▶ **TASK OBJECTIVE**
Keep the pictures out while you transcribe the listing below exactly.

▶ **DATA BLOCK**
★ ★ ★ ★

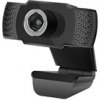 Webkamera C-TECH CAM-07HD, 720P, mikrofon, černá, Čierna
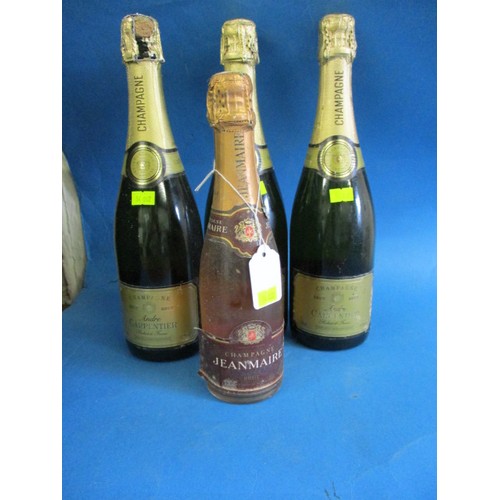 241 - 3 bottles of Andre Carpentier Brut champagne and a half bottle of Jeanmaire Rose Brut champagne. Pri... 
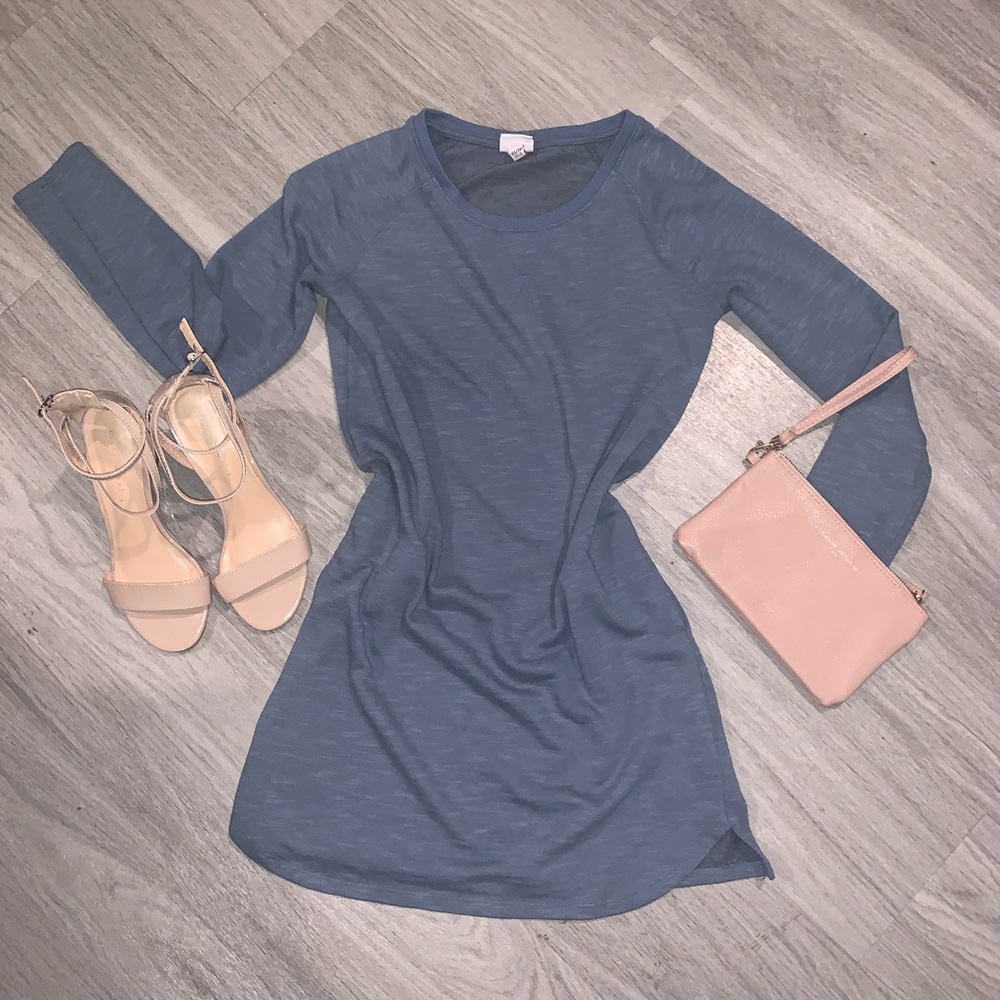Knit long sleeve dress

★ ★ ★ ★

▶ **YOUR RESPONSE**
 Webkamera C-TECH CAM-07HD, 720P, mikrofon, černá, Čierna
 241 - 3 bottles of Andre Carpentier Brut champagne and a half bottle of Jeanmaire Rose Brut champagne. Pri... 
Knit long sleeve dress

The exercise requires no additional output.